Entre Moselle et Meurthe-et-Moselle
Au-delà de sa relation avec la Moselle de son ami Raymond Etienne, l'abbé Pierre entretient également une amitié particulière avec la Meurthe-et-Moselle. C'est à Nancy qu'il entre en politique en devenant député du MRP, le parti chrétien-démocrate issu de la Résistance, six ans durant, jusqu’en 1951. Dans sa permanence installée rue des Dominicains, il accueille, autour d’un poêle, les plus démunis. Ne cachant pas "son absence de sens politique", pacifiste convaincu, Henri Grouès - son vrai nom - déconcerte vite son mouvement par ses prises de position de gauche. Déjà, il se bat pour le droit au logement, inscrit en 1946 dans le préambule de la Constitution. "Il existe une misère extrême. C'est là que doit porter notre effort d'abord", défend-il. Député atypique, il reverse ses indemnités parlementaires aux sans-abri. "Son mandat de député, il l'a davantage exercé à Paris qu'en Meurthe-et-Moselle" explique Véronique Etienne, "mais ce que je retiens de son passage dans ce département, c'est sa rencontre avec Jean Prouvé". L'abbé Pierre demande à l'architecte de concevoir et construire une maison correspondant à un appartement normalisé (environ 50 m2) comprenant deux chambres, un vaste séjour prolongé par une cuisine ainsi qu'un bloc sanitaire ménager. Cette maison devait servir de démonstration et inciter la fabrication de logements individuels ou collectifs suivant des procédés industriels. "C'était l'équivalent de la 2Cv pour l'habitat" résume Véronique Etienne, "ce concept de la maison pour tout le monde n'a pas connu de développement. C'est dommage. C'était pourtant une solution pour lutter contre le mal logement".

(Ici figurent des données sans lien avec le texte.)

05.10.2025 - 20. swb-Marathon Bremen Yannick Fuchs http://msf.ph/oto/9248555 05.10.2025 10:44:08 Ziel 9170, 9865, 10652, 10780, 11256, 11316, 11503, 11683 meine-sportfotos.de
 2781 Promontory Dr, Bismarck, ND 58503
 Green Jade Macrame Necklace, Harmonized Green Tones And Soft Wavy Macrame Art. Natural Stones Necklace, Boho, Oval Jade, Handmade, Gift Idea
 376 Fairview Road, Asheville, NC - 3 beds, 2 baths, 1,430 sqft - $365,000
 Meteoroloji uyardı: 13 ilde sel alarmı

À l’occasion du 70ème anniversaire de l’Appel de l’Abbé Pierre, Mathieu Klein, maire de Nancy et Président de la Métropole du Grand Nancy, dévoilera une plaque commémorative sur l’ancienne permanence parlementaire de Henri Grouès dit "l’Abbé Pierre" ce jeudi 1er février 2024 à 11h30 au
55, rue des Dominicains à Nancy. "L'abbé Pierre nous manque. Son charisme, son engagement et son humilité" conclut Véronique Etienne.